- Data section
-- -- --

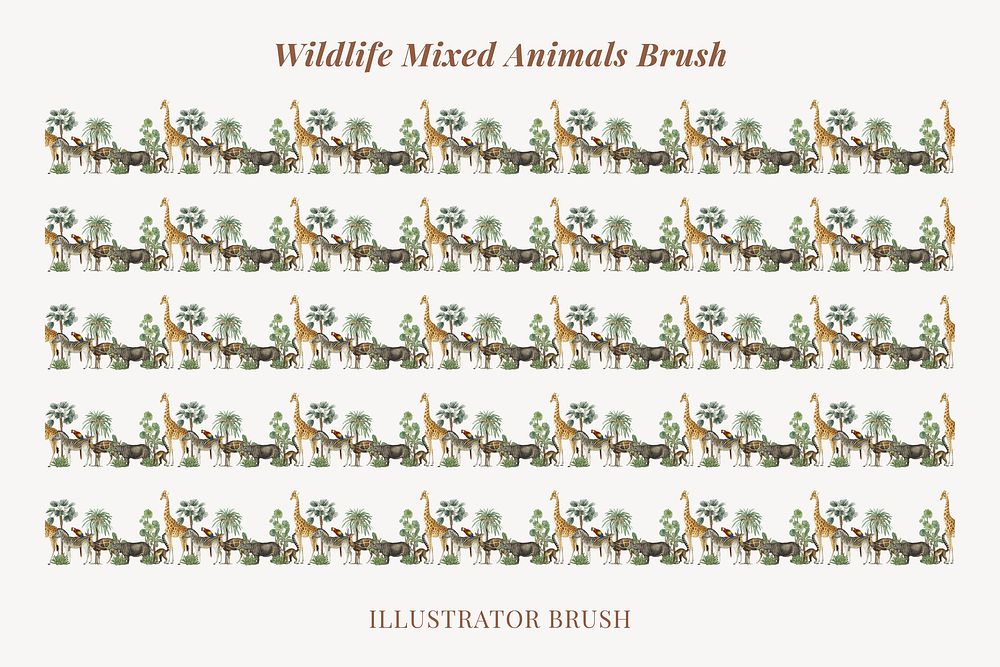 Animal pattern illustrator brush vector add-on set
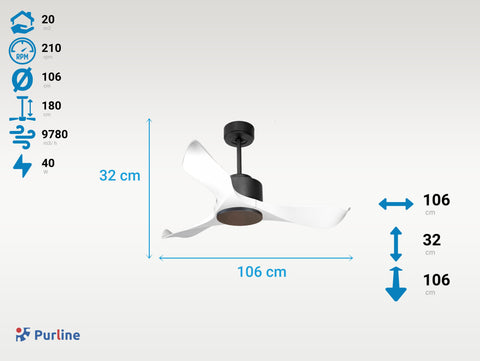 Ventilador de Techo Ultra silencioso de bajo consumo DC WhitsundayD106C0267195
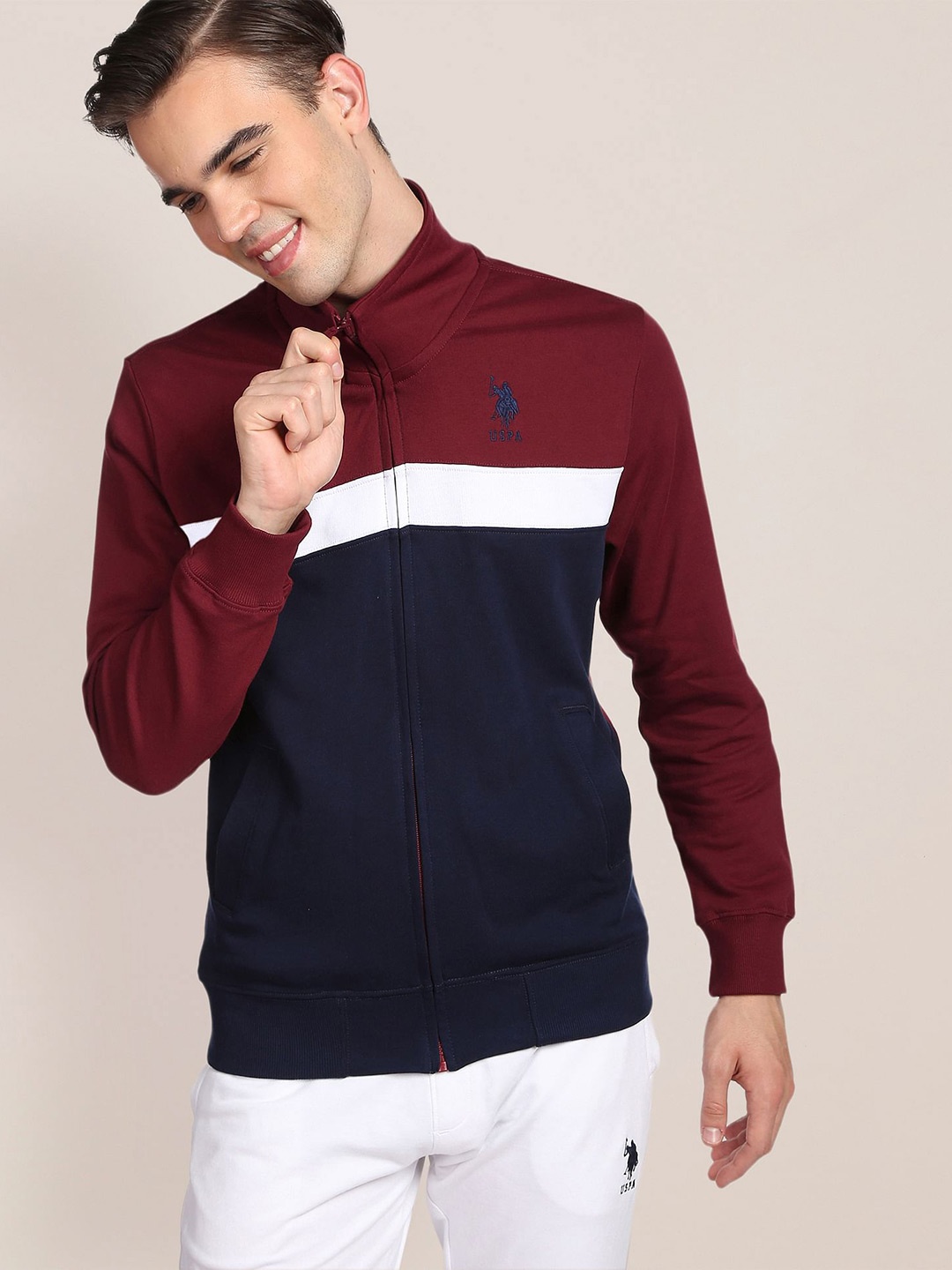 

U.S. Polo Assn. Men Colourblocked Cotton Sweatshirt, Maroon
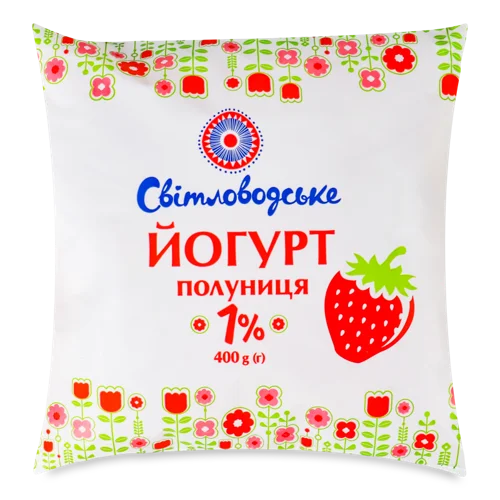 Йогурт Полуничний 1% Світловодське м/у, 400г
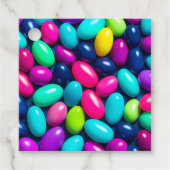 Kleurrijke Jelly Bean Art Gift Labels (Voorkant)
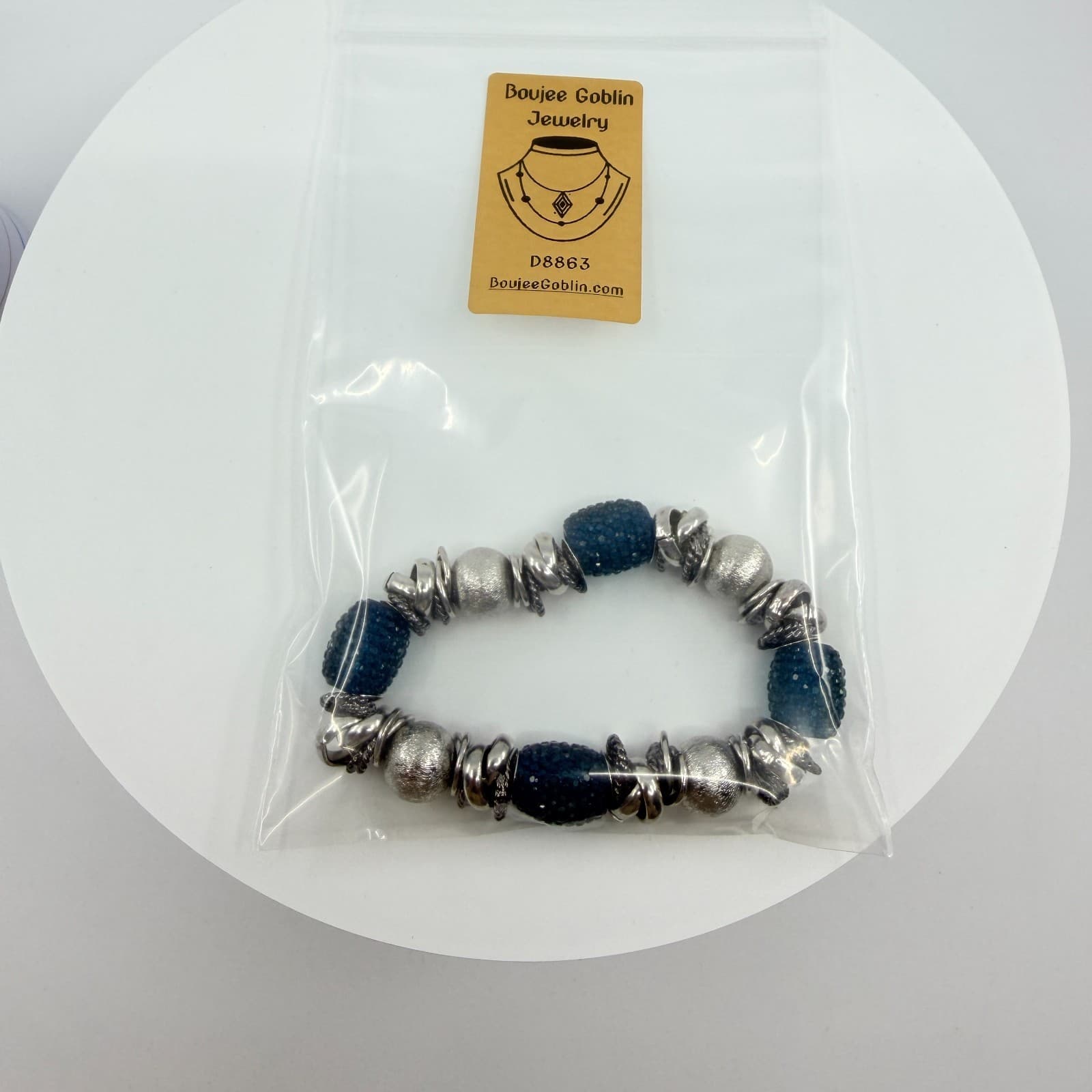 VTG Chunky Silver Tone Blue Crystal Bead Stretch Bracelet Statement Stackable - Thumbnail 9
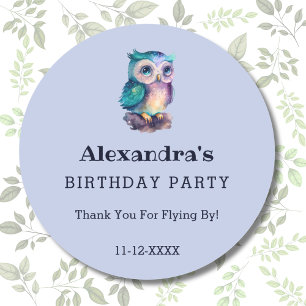 Pegatina Redonda Cute Dusty Blue Owl Kids Cumpleaños Gracias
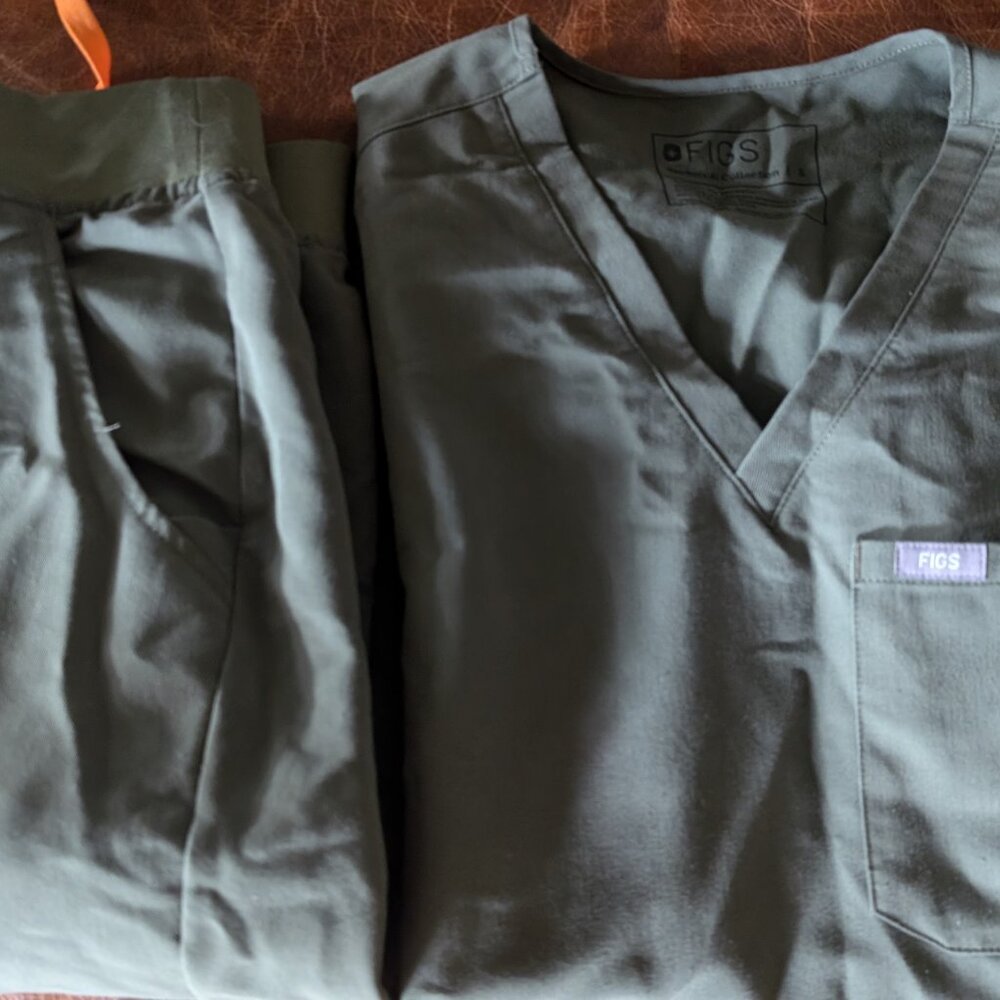 Olive green women Fig Scrub set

-- -- --

- How to complete this task
Without the pictures, restate all of the entries above verbatim.

- Solution for this exercise
 Animal pattern illustrator brush vector add-on set
 Ventilador de Techo Ultra silencioso de bajo consumo DC WhitsundayD106C0267195

U.S. Polo Assn. Men Colourblocked Cotton Sweatshirt, Maroon
 Йогурт Полуничний 1% Світловодське м/у, 400г
 Kleurrijke Jelly Bean Art Gift Labels (Voorkant)
 VTG Chunky Silver Tone Blue Crystal Bead Stretch Bracelet Statement Stackable - Thumbnail 9
 Pegatina Redonda Cute Dusty Blue Owl Kids Cumpleaños Gracias
 Olive green women Fig Scrub set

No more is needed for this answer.